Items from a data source
────
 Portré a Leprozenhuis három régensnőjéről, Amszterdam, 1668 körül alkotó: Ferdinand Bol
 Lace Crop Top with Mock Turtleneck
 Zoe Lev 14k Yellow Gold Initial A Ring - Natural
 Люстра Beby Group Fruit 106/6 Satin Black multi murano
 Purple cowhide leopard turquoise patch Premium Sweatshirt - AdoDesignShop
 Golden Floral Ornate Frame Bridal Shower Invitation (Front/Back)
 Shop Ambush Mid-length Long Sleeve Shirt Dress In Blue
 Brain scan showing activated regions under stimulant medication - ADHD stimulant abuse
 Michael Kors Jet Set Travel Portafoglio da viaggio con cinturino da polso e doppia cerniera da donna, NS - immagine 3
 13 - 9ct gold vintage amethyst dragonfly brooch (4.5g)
────
*REQUIREMENT:* Take the entries and print them exactly. Keep every line.

*TASK RESPONSE:*
 Portré a Leprozenhuis három régensnőjéről, Amszterdam, 1668 körül alkotó: Ferdinand Bol
 Lace Crop Top with Mock Turtleneck
 Zoe Lev 14k Yellow Gold Initial A Ring - Natural
 Люстра Beby Group Fruit 106/6 Satin Black multi murano
 Purple cowhide leopard turquoise patch Premium Sweatshirt - AdoDesignShop
 Golden Floral Ornate Frame Bridal Shower Invitation (Front/Back)
 Shop Ambush Mid-length Long Sleeve Shirt Dress In Blue
 Brain scan showing activated regions under stimulant medication - ADHD stimulant abuse
 Michael Kors Jet Set Travel Portafoglio da viaggio con cinturino da polso e doppia cerniera da donna, NS - immagine 3
 13 - 9ct gold vintage amethyst dragonfly brooch (4.5g)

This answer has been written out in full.